§ EXERCISE: Leave the pictures out. Retype exactly the lines below from the one containing "Ein detaillierter Blick" through the one containing "log cabin bedroom with large windows", and no others.

§ DATA SECTION:
********************

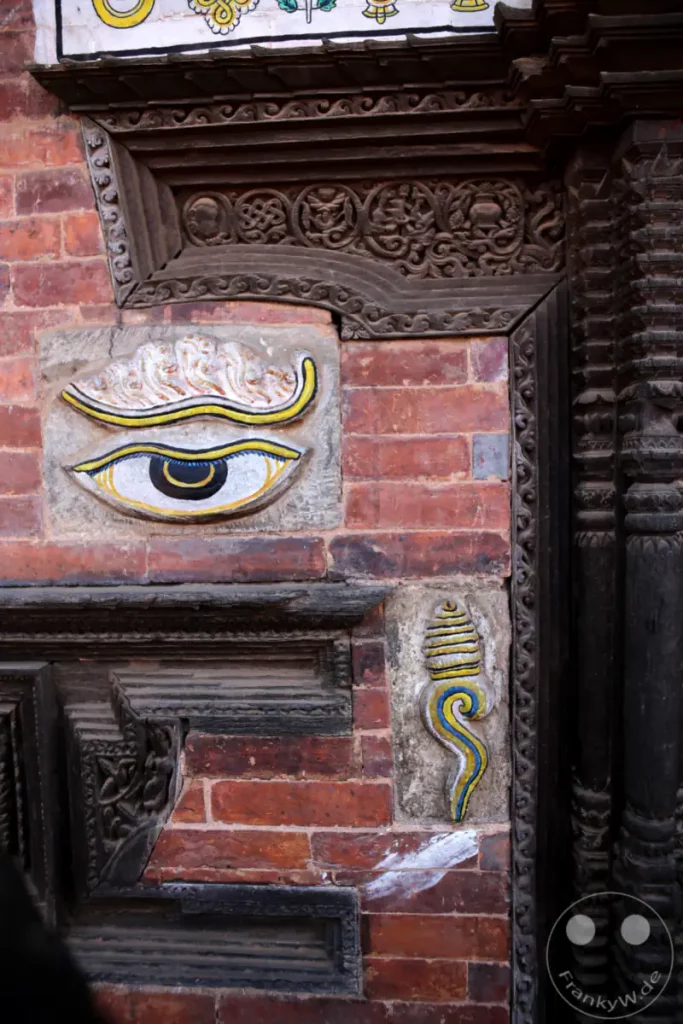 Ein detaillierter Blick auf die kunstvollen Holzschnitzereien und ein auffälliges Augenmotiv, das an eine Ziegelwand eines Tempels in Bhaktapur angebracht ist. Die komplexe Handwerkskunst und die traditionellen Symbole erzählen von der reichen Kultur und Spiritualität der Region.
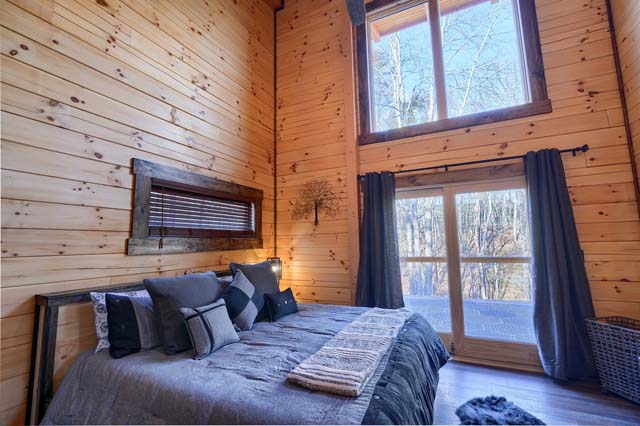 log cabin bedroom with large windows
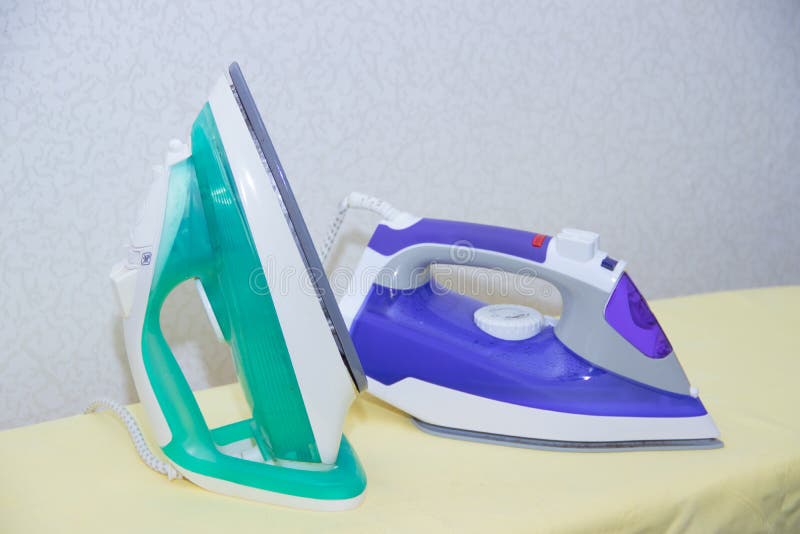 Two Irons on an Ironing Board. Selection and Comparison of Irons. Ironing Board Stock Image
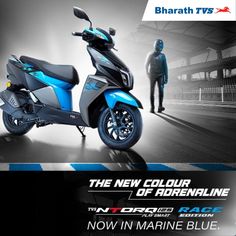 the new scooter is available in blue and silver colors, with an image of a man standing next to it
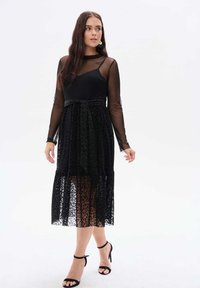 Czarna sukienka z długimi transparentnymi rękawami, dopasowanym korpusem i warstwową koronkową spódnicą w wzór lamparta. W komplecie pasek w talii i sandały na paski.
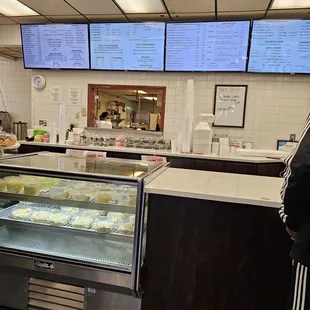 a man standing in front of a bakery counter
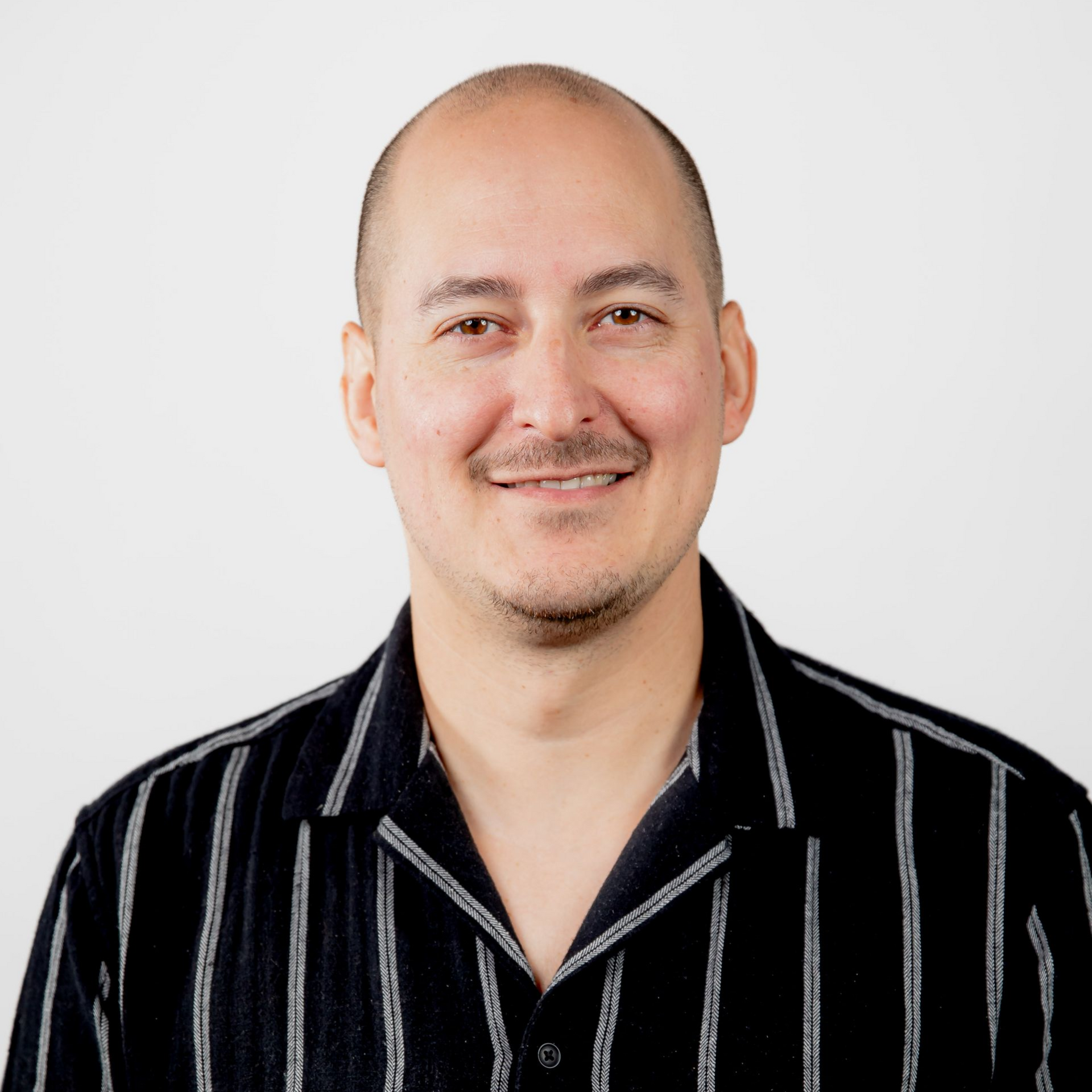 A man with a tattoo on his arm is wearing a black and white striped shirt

********************

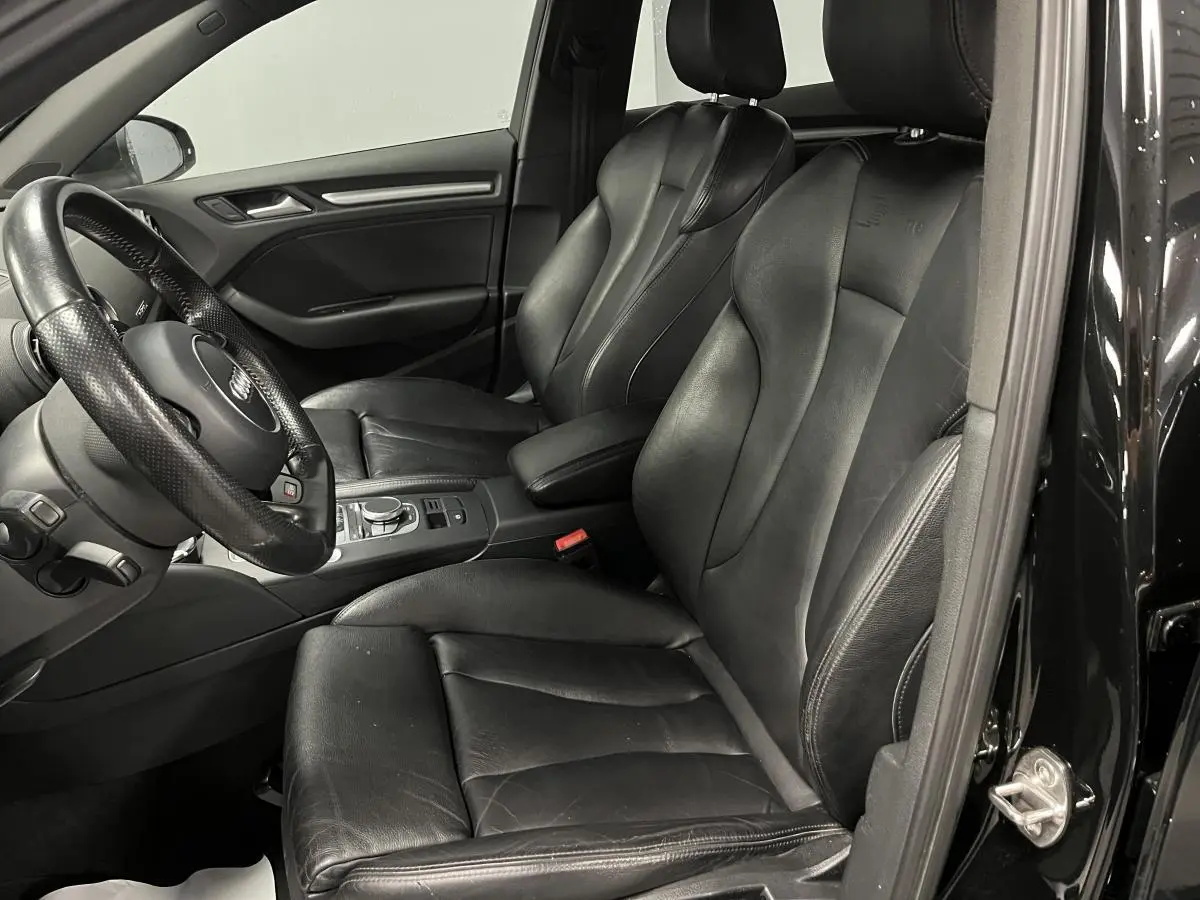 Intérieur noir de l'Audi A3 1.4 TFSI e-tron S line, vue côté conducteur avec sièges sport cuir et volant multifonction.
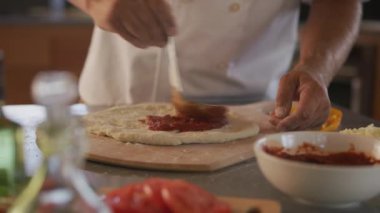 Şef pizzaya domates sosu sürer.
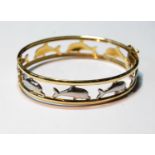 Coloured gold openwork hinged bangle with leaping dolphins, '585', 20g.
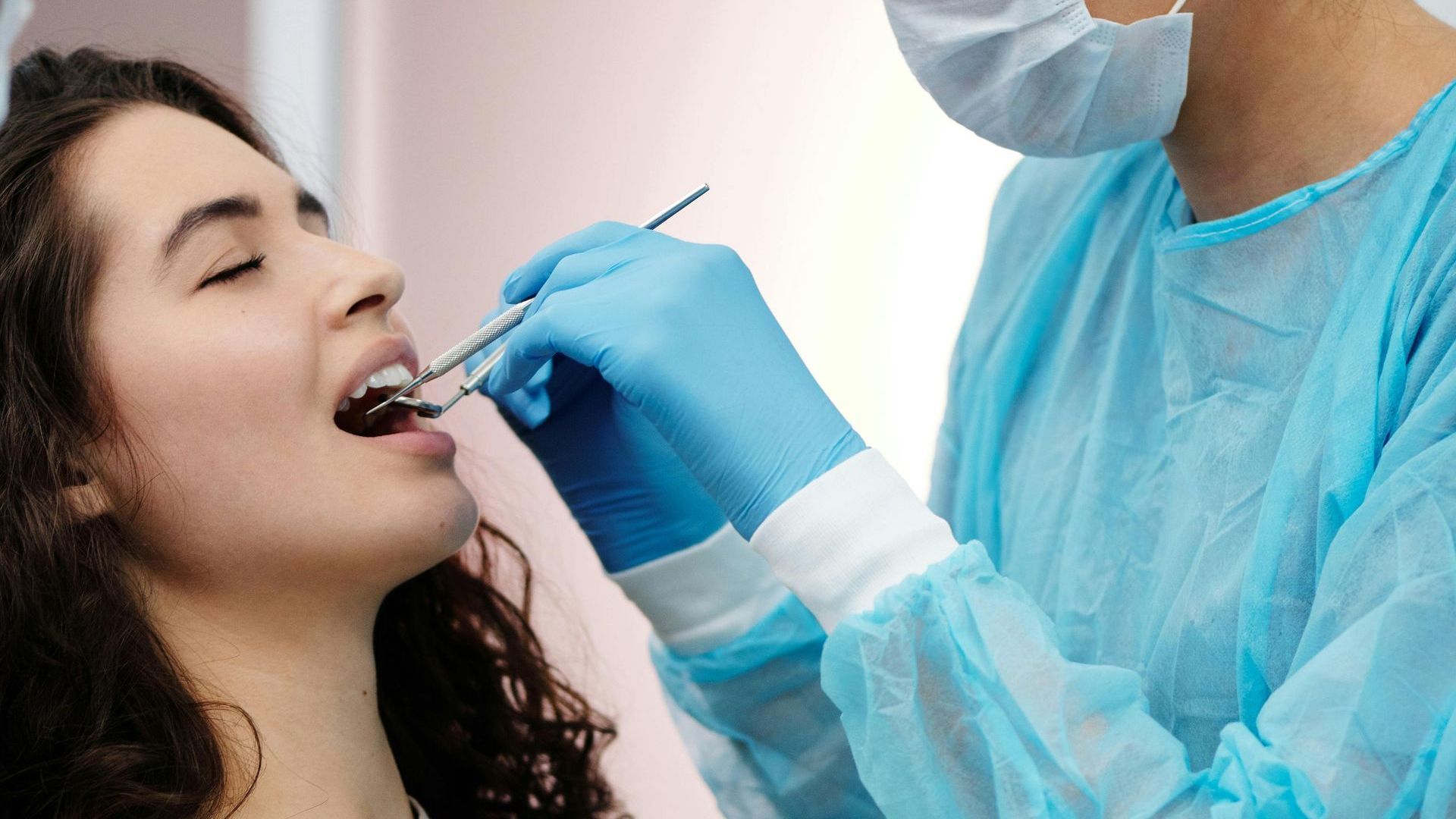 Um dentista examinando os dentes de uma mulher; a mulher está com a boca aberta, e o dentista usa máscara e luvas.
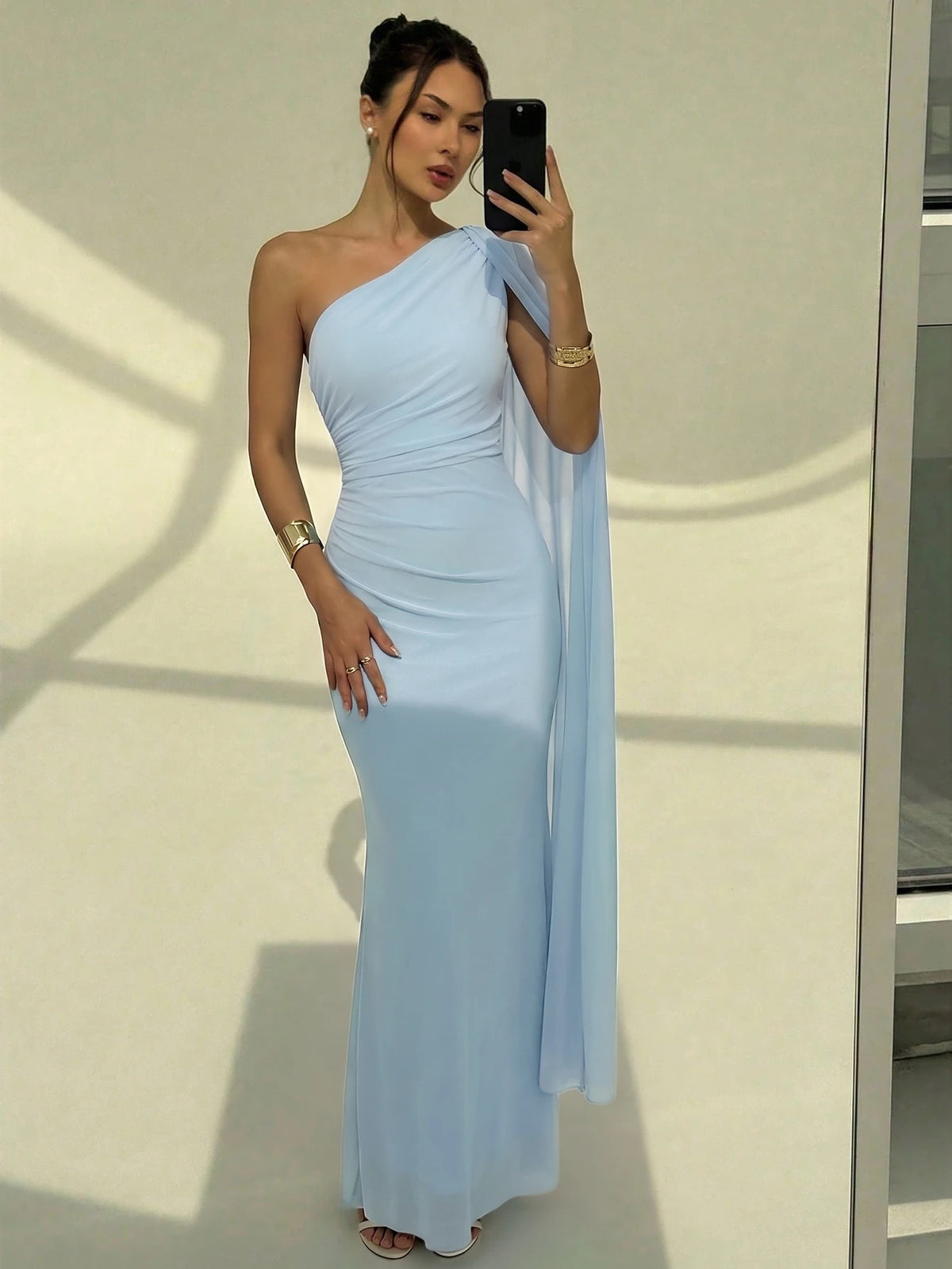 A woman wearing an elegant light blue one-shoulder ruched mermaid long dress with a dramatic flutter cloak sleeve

********************

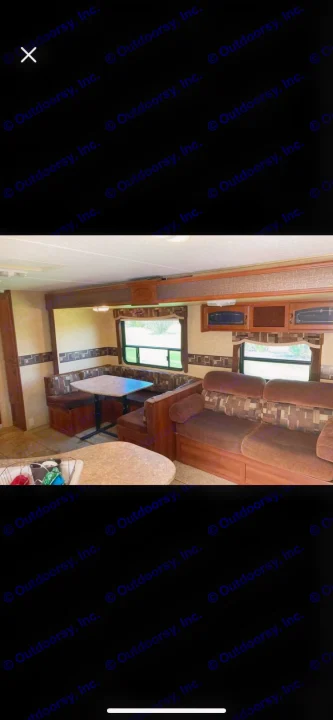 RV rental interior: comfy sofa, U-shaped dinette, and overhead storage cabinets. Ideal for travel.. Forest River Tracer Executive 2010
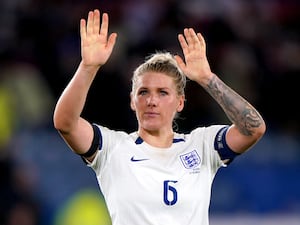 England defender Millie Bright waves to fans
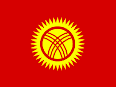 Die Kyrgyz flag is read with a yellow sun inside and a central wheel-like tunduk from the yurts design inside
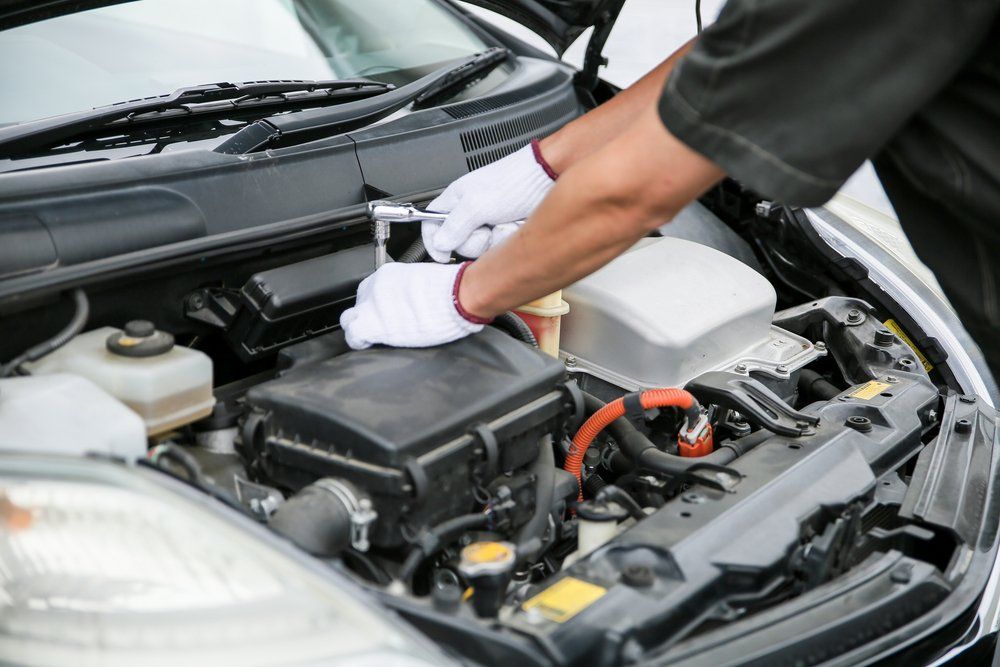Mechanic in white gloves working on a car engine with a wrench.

********************

§ ANSWER TO THE EXERCISE:
 Ein detaillierter Blick auf die kunstvollen Holzschnitzereien und ein auffälliges Augenmotiv, das an eine Ziegelwand eines Tempels in Bhaktapur angebracht ist. Die komplexe Handwerkskunst und die traditionellen Symbole erzählen von der reichen Kultur und Spiritualität der Region.
 log cabin bedroom with large windows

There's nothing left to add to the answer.